Seiring waktu, insinyur Google secara manual menghapus banyak istilah yang berkorelasi dengan pencarian flu tetapi tidak ada hubungannya dengan flu, tetapi model mereka jelas masih terlalu bergantung pada tren pencarian musiman non-flu - bagian dari alasan mengapa Google Pantau Flu Dunia gagal mencerminkan Epidemi H1N1 2009, yang terjadi selama musim panas. Terutama dalam versi sebelumnya, Google Pantau Flu Dunia merupakan "pendeteksi flu bagian, pendeteksi musim dingin sebagian, " tulis para penulis makalah Science .
Tetapi semua ini bisa menjadi pelajaran untuk penggunaan data besar dalam proyek-proyek seperti Google Pantau Flu Dunia, dan bukan selembar tuduhan, kata para peneliti. Jika diperbarui dengan benar untuk memperhitungkan perubahan pada algoritma Google sendiri, dan dianalisis secara ketat untuk menghilangkan faktor musiman murni, itu bisa berguna dalam mendokumentasikan laju flu secara nasional — terutama ketika dikombinasikan dengan data konvensional.

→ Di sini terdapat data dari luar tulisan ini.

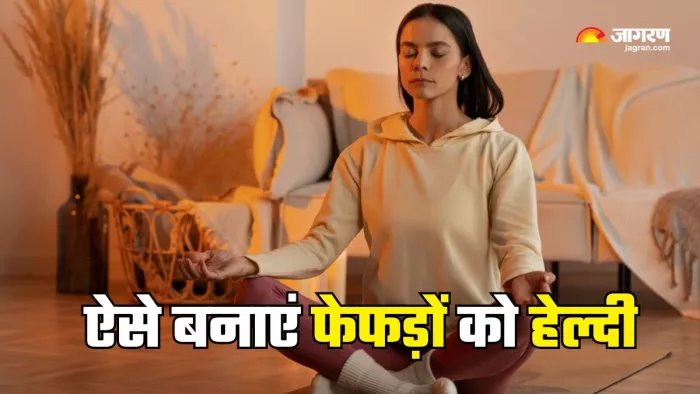 इन योगासनों से बनाएं फेफड़ों को मजबूत (Picture Courtesy: Freepik)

Sebagai tes, para peneliti menciptakan model yang menggabungkan data Google Pantau Flu Dunia (yang pada dasarnya bersifat waktu nyata, tetapi berpotensi tidak akurat) dengan data CDC berusia dua minggu (yang bertanggal, karena membutuhkan waktu untuk mengumpulkan, tetapi masih bisa menjadi agak menunjukkan tingkat flu saat ini). Hibrida mereka cocok dengan data flu aktual dan aktual jauh lebih dekat daripada Google Flu Trends saja, dan menyajikan cara untuk mendapatkan informasi ini jauh lebih cepat daripada menunggu dua minggu untuk data konvensional.
"Analisis kami terhadap Google Flu menunjukkan bahwa hasil terbaik berasal dari menggabungkan informasi dan teknik dari kedua sumber, " Ryan Kennedy, seorang profesor ilmu politik dan penulis bersama Universitas Houston, mengatakan dalam sebuah pernyataan pers. "Daripada berbicara tentang 'revolusi data besar', kita harus mendiskusikan 'revolusi semua data'."